OASIS Mailing List ArchivesView the OASIS mailing list archive below
or browse/search using MarkMail.

 


Help: OASIS Mailing Lists Help | MarkMail Help

ubl message

[Date Prev] | [Thread Prev] | [Thread Next] | [Date Next] -- [Date Index] | [Thread Index] | [List Home]


Subject: Candidate approach for W3C Schema with wild cards for code list value validation


This is to Tony Coates's attention, but I am anxious to hear from any 
others if there are flaws in my approach that I document in this post.

Based on today's call, I was unclear on the restrictions of using lax 
validation in W3C Schema, so I created a test here that I believe 
illustrates the use of W3C Schema as a "second pass" value validation, 
checking *only* the value of the currency attribute *and no structure bits 
whatsoever*.

This approach would be used as an alternative to using ISO 19757-3 
Schematron that others may find more palatable.

To recap, from Tony's summary posted as a password-protected file announced in:

   http://lists.oasis-open.org/archives/ubl/200508/msg00043.html

... we are contemplating a two-pass validation, the first pass being a 
structural validation with "class 2" code list information items 
unvalidated, and a second pass where *only* "class 2" code list information 
items have their values validated.  Many use XPath and ISO 19757-3 
Schematron for this second pass, reaching into the instance and checking 
only the values.  This *necessarily* must be a second pass because the 
first pass ensures the structural integrity of the node tree into which the 
XPath expressions reach ... without structural integrity there is no 
integrity in the XPath evaluations and one could get false positives (among 
other unexpected results) for tests (in the general case).

The question today was:  for those who cannot use ISO 19757-3 Schematron, 
how would one use W3C Schema technology for the second pass where only the 
code list information item values are being checked against an enumeration.

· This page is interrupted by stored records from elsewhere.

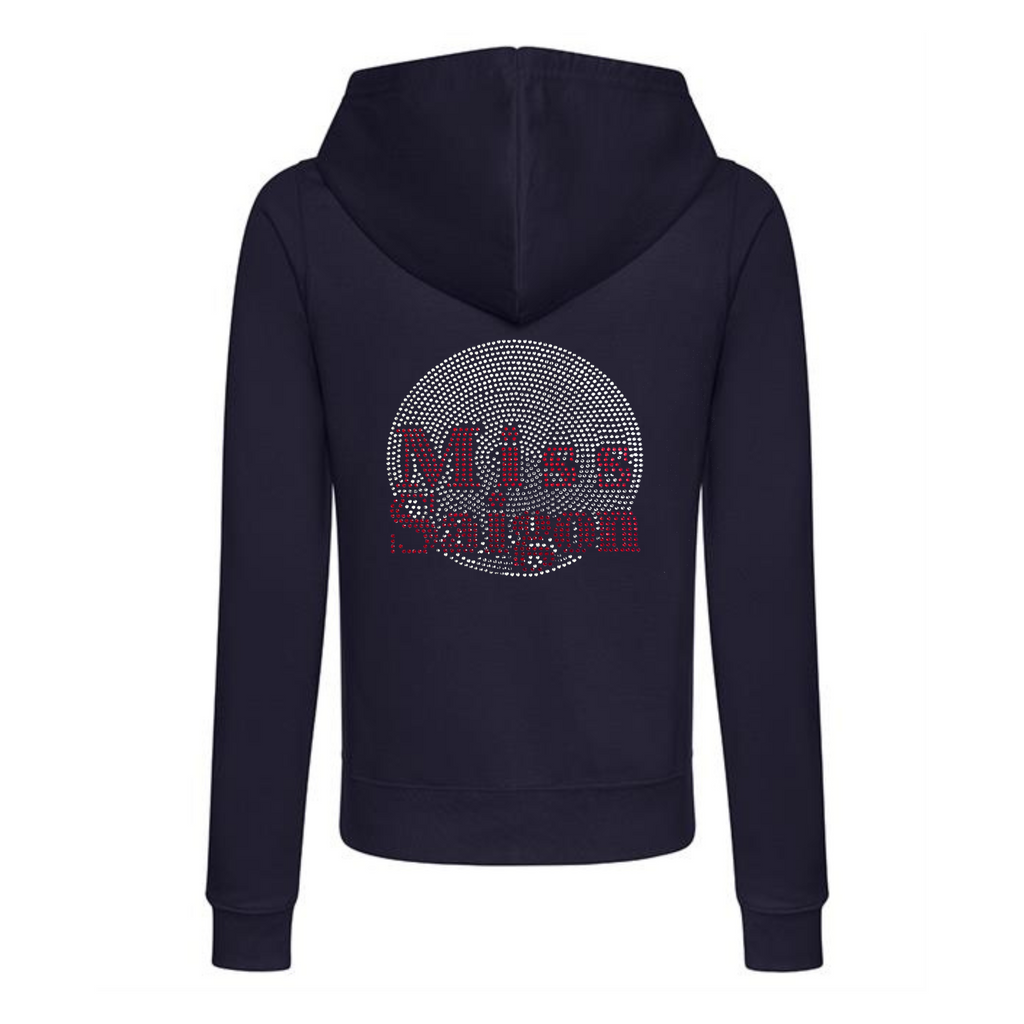 Miss Saigon musical Zipped Hoodie Adult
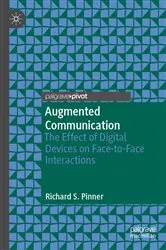 Book cover of Augmented Communication by Richard S. Pinner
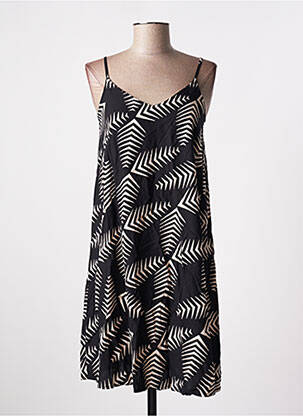 Rochie midi negru VERO MODA femeie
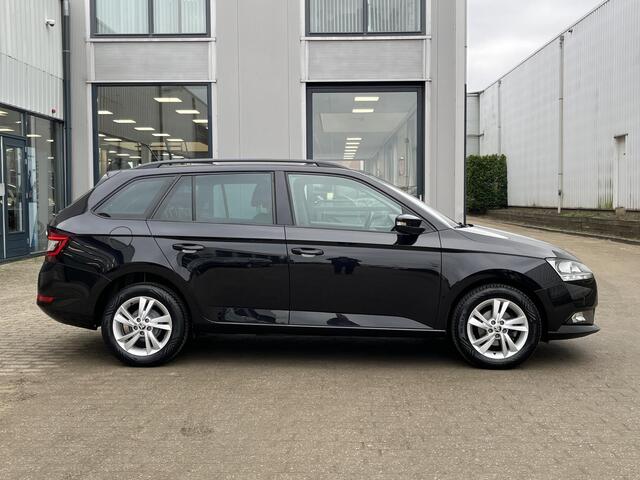 Skoda FABIA Combi 1.0 TSI Style | NL Auto/2e Eig./Navi/Camera/Airco/Cruise/Apple CarPlay-Android Auto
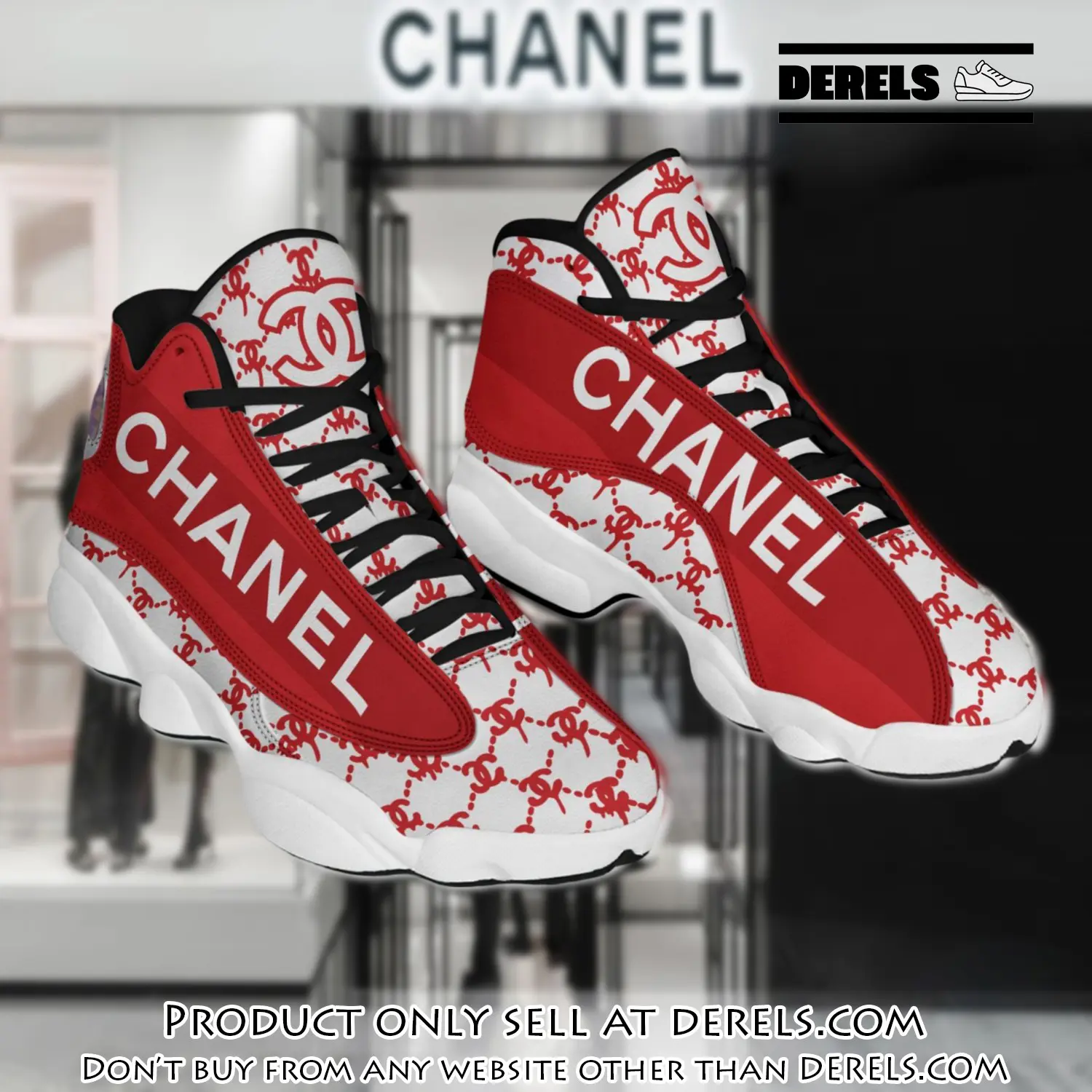 Chanel air jordan 13 sneaker jd14037 dr0953905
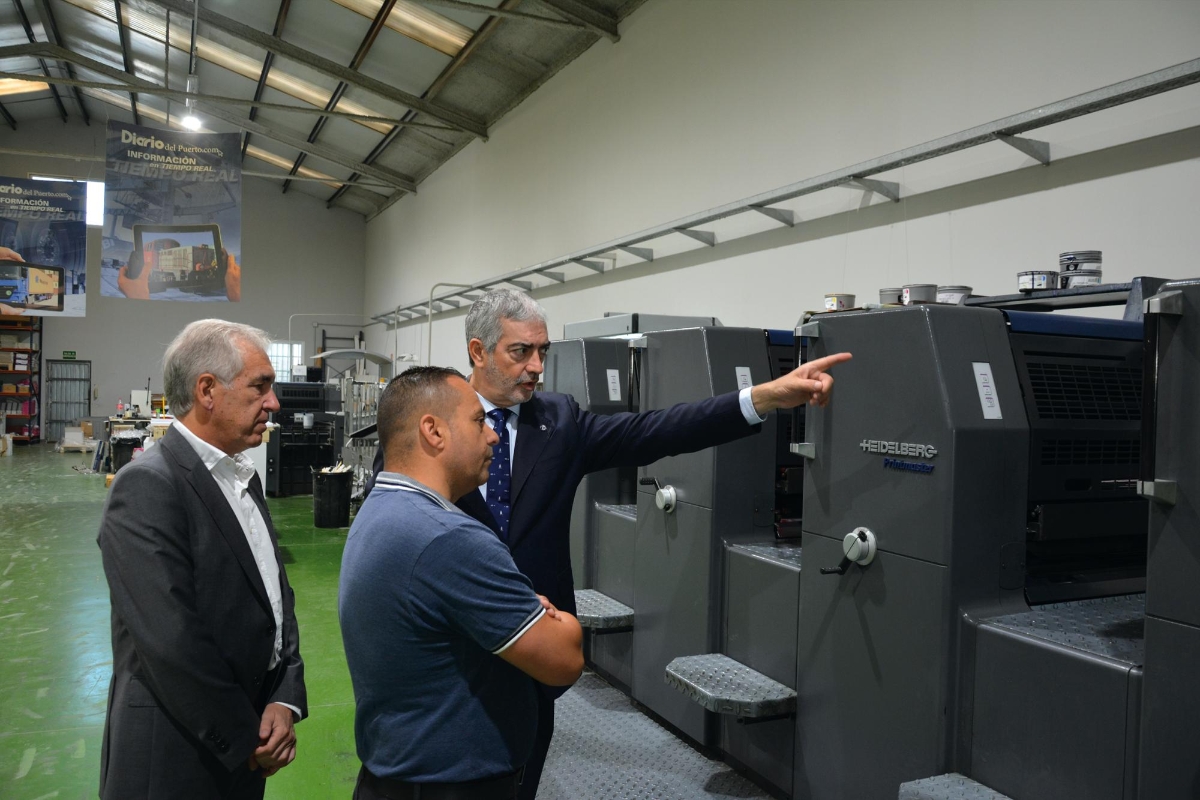 El V Acuerdo Marco se blinda jurídicamente con garantía de tener continuidad en el tiempo $!El V Acuerdo Marco se blinda jurídicamente con garantía de tener continuidad en el tiempo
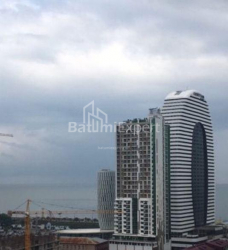 Квартира 40 м² - Тбел-Абусерідзе, Батумі, Грузія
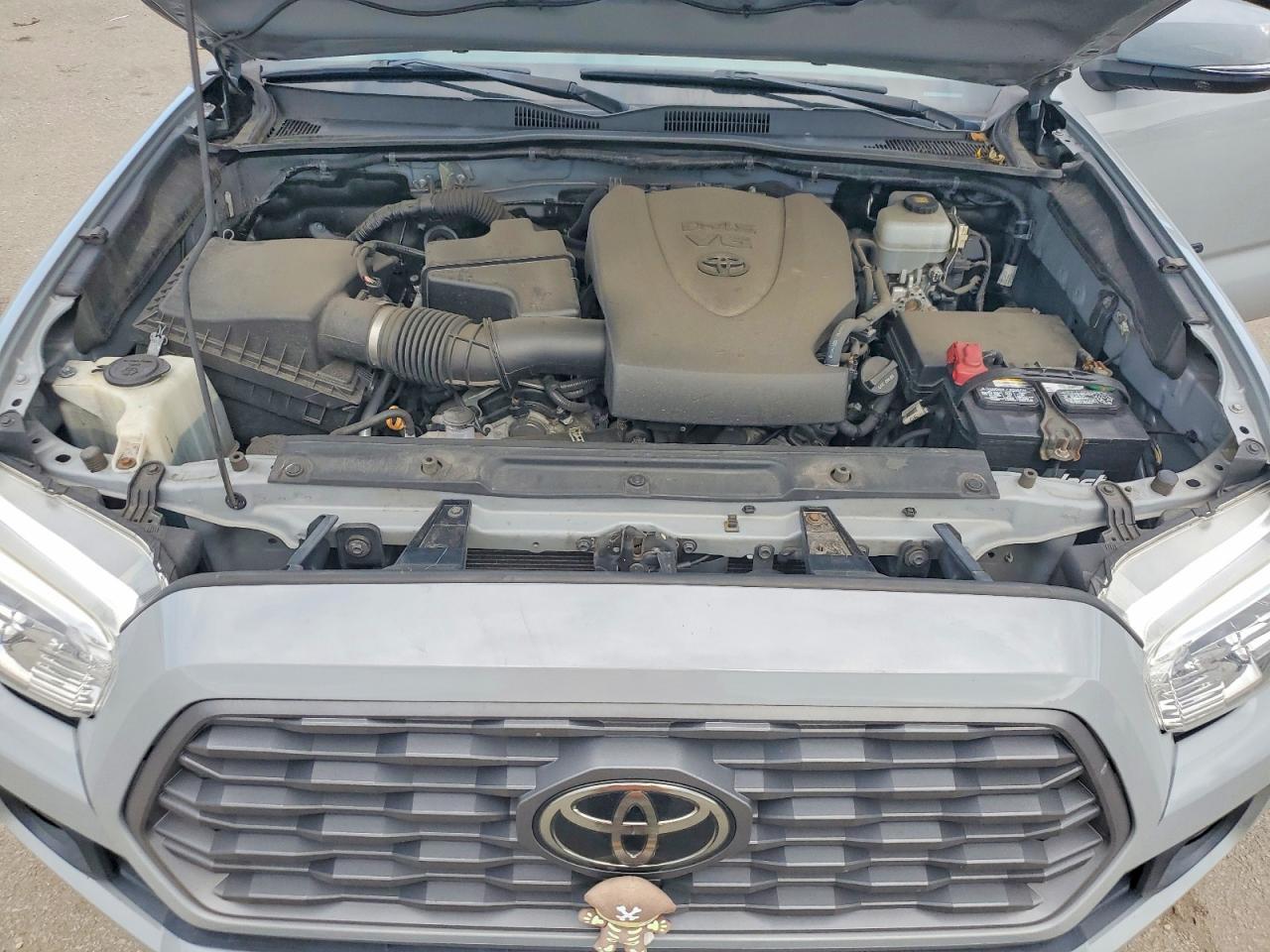 2020 Toyota Tacoma Trd Off-Road - zdjęcie 12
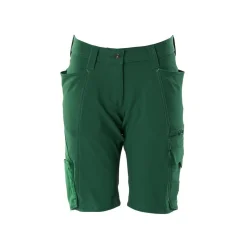 Arbejdsbukser ^ Mascot ACCELERATE 18048 SHORTS C40 GRØN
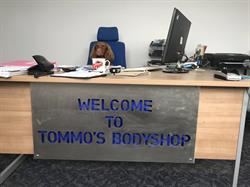 Tommo's Bodyshop
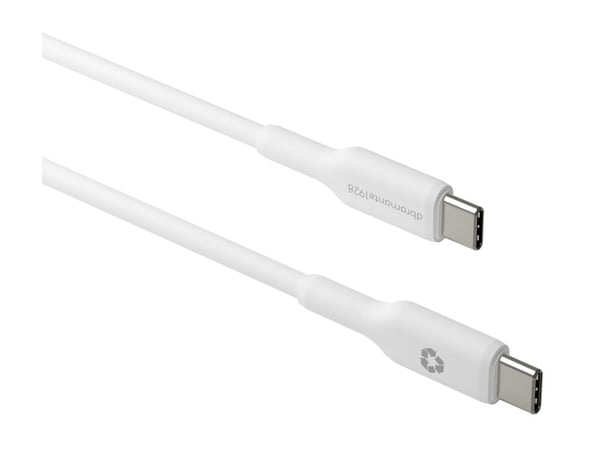 dbramante1928 re-charge - USB-kabel - USB-C hann til USB-C hann - 2 m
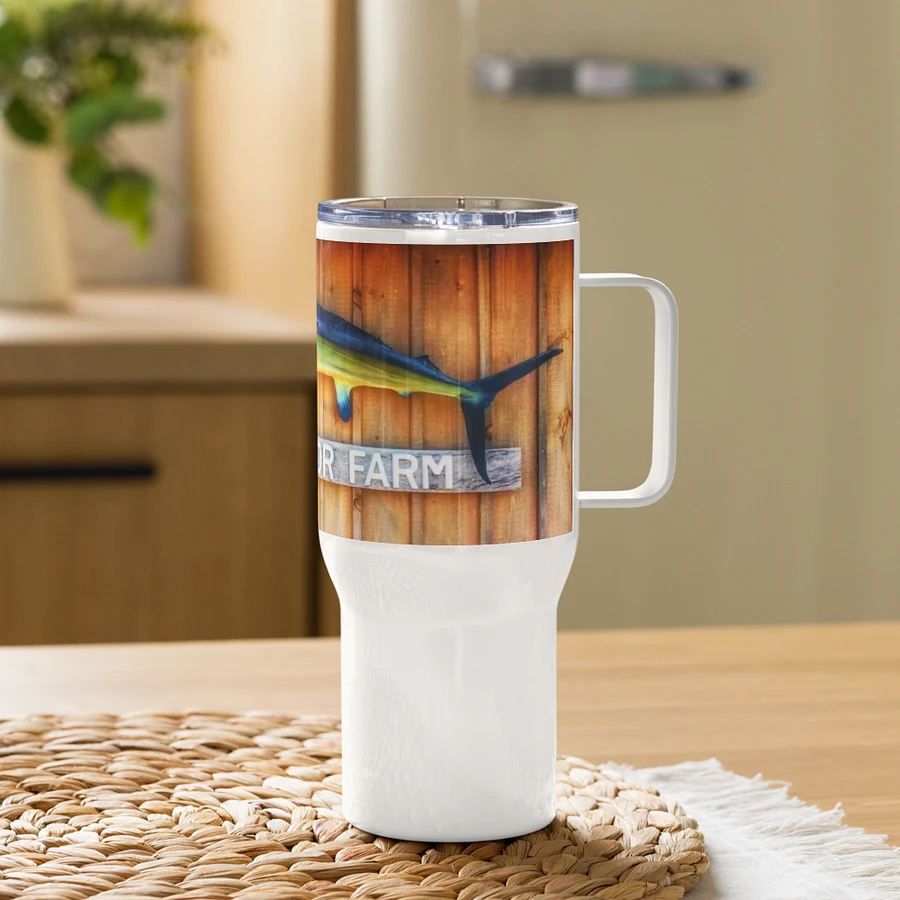 Pygmy Harbor Farm 25oz Stainless steel mug product image (11)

I've uploaded an unprotected .ZIP with an example, using currency (even 
though I know that currency is "class 1" and isn't one of the "class 2" 
ones we are going to extend) because of my limited time, but it shows the 
principles I had in mind:

http://www.oasis-open.org/committees/download.php/13998/codelist-xsd-gkholman-20050811-1940z.zip

I have two test UBL 1.0 instances, test.xml is a copy of the office invoice 
instance, testbad.xml is the same data with an invalid currency code.

I changed "codelist\UBL-CodeList-CurrencyCode-1.0.xsd" to be unrestricted 
normalized string (we talked in the room about using NMTOKEN; I'm not sure 
why 1.0 used normalized string and not NMTOKEN, so I left it as normalized 
string), with all of the required attributes.  Thus, with 
"maindoc\UBL-Invoice-1.0.xsd", the structure of cbc:TotalTaxAmount will be 
validated, but its actual value will be any normalized string, thus 
accomplishing the structural validation without value validation.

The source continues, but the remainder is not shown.